Je me disais cela récemment, en rentrant d'un repas sympathique auquel j'étais convié, avec un couple ami, chez de nouveaux retraités, qui sont en train de bien amorcer leur passage à une retraite active. Ils viennent de prendre, depuis trois mois environ, une responsabilité de bénévoles dans une importante association caritative. Est-ce l'enthousiasme des néophytes, le désir de bien faire ou le regard critique du nouvel arrivant qui, de l'extérieur, peut mieux se rendre compte des déficiences du système ? Toujours est-il qu'ils ont entrepris, dans le secteur de l'association qui leur est confié, de rationaliser l'organisation, pour qu'elle soit plus facile à gérer et plus efficace, dans l'intérêt des bénévoles et au service des "assistés", si nombreux de nos jours.

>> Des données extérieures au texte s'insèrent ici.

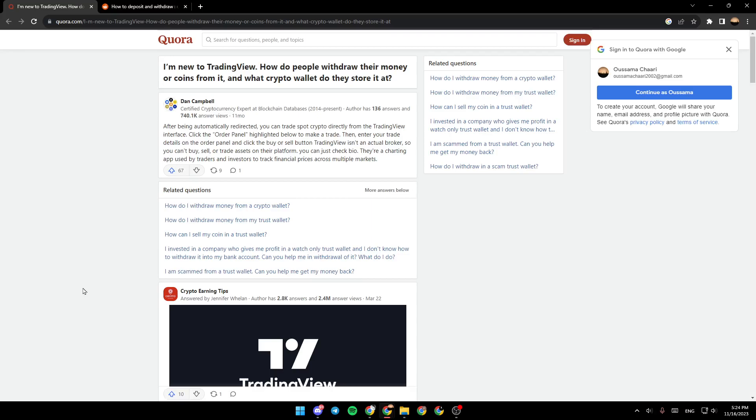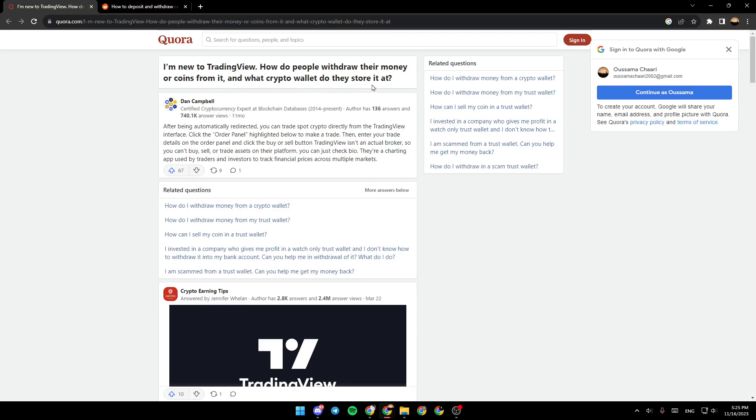As you can see, I'm right now on Quora.com. I found a guide that perfectly explains everything about withdrawing money from TradingView. Right here is the question: I'm new to TradingView, how do people withdraw their money or coins from it? And what crypto wallet do they store it at?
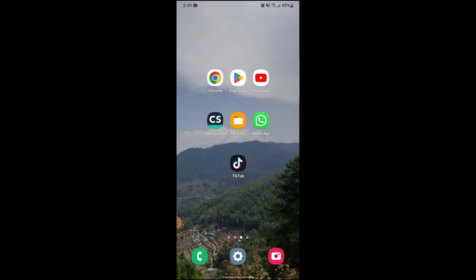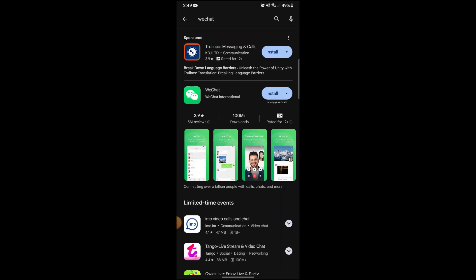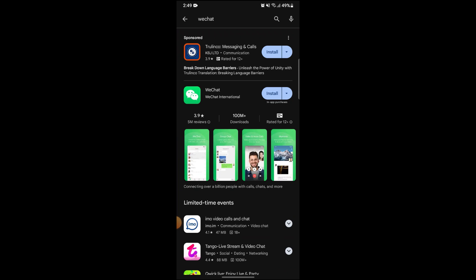After going on the Play Store, search for WeChat on its search bar. Now after searching for WeChat, here you can see the application pop up. From here, just click on install which is right beside the app.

Oui, mais voilà ! Immédiatement, les plus anciens se sont élevés contre une telle rationalisation, sous prétexte que "ce n'est pas nécessaire", qu'on a toujours fait autrement, que ça marchait bien avant, qu'on ne voit pas pourquoi il faudrait tout bouleverser, bref, préférant le statu quo médiocre et le ronron habituel à un rangement qui leur apparaît comme un réel dérangement de leurs traditionnelles habitudes. Les deux couples avec qui je déjeunais - l'autre couple connaît très bien la situation - me disaient combien il était difficile de modifier quoi que ce soit, tant les habitudes prises au fil des ans sont devenues des manies mortelles, et tant, avec l'âge, la susceptibilité des personnes qu'on veut simplement aider se fait grande.
"Cela s'est toujours fait" ! Que de fois cette réflexion n'a-t-elle pas été le prétexte avancé pour que rien ne bouge, pour que chacun s'endorme sur ses acquis. Et surtout qu'on ne dérange rien ! Ils oublient simplement que la sclérose - du corps, du cœur ou de l'esprit - c'est la mort.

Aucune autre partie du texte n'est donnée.